And now Christmas is over, but the good feelings linger, and so will the extra pounds!

Jazbriz said...

Your writing is so wonderful DJan, this post was lovely. Of course, Christmas in Australia is hot and a very different part of the world. Thank you for your posts of your life and I do enjoy your 'walks' in places that are so different.

Carole said...

Thanks DJan. What a beautiful post. Such a wonderful way to start my day. (Even if it is one day late.)

Tabor said...

Boy did that poem bring back memories. I think I may still have that children's book on the shelves of the guest bedroom! yes, we do seem transdimensional at this time of year. I just created a word that I like and that I will use throughout the year!!

Rita said...

Yes, that was fun to read. Apparently I hadn't met you yet in 2009 because I didn't remember the story and didn't see a comment from me...but we've known each other quite a few years now. I hope it was a nice Christmas and you got to your coffee on decent roads. Ice everywhere here now. Happy New Year! :)

Arkansas Patti said...

I really enjoyed your elf story. Guess I hadn't found you yet when you wrote that. What neat kids you were to save Christmas. I'm totally impressed.
You are much colder than we are. Windows are open and I am in shirt sleeves. I could use some of your snow to get in the mood.

C-ingspots said...

So beautiful and fun to read! :) Thank you DJan. For your thoughts, your memories, your wonderful stories and especially, for just being who God made you to be. Love, laughter, good people and blessings; may they be abundant in your life to come. Merry Christmas.

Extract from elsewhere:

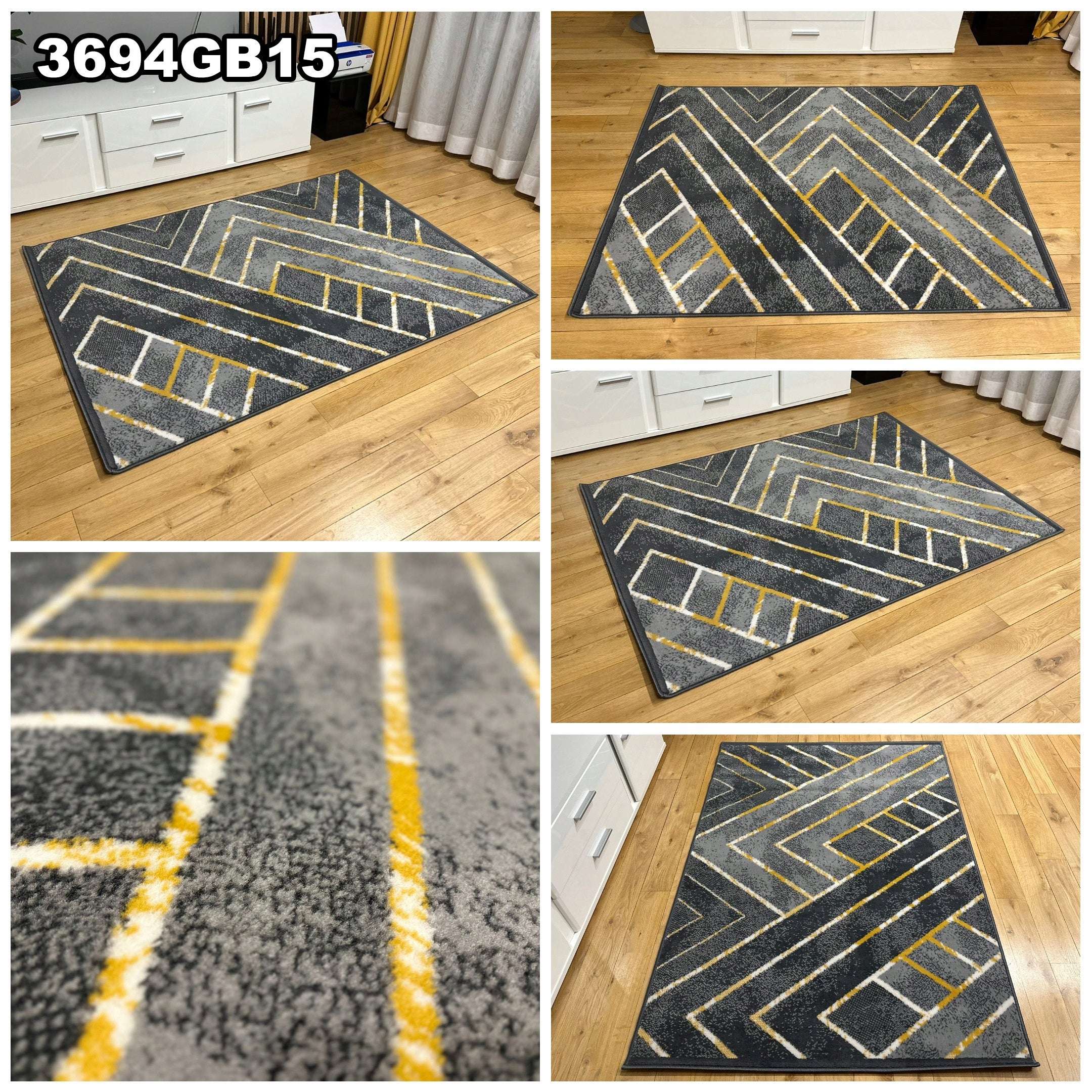 Original square carpet 120x170, soft, dense mix Brand Sindbad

I've often wondered how the animals survive too, but they are stronger in many ways than we are.

Rian said...

Merry Christmas DJan! I too wonder and worry about the critters that have to spend the night out on those bitter cold nights. However, the ones around us have their Christmas boxes and beds as well as heat lamps to help. But they didn't need any this Christmas as it is not cold at all these last few days here in Texas.

My childhood Christmas memories are all wonderful and do include nativity scenes and Mass... as well as Santa and presents. But even though we no longer attend Mass, we do still believe in celebrating Jesus' birth - even though it may not be so obvious as in the past.

And I too wonder about time and space. Our lives are made up of our experiences and I don't think that what makes us who we are ever totally goes away... whether it lives on in another time or dimension, through our dna, or just lives on in the minds and hearts of those who share our lives...???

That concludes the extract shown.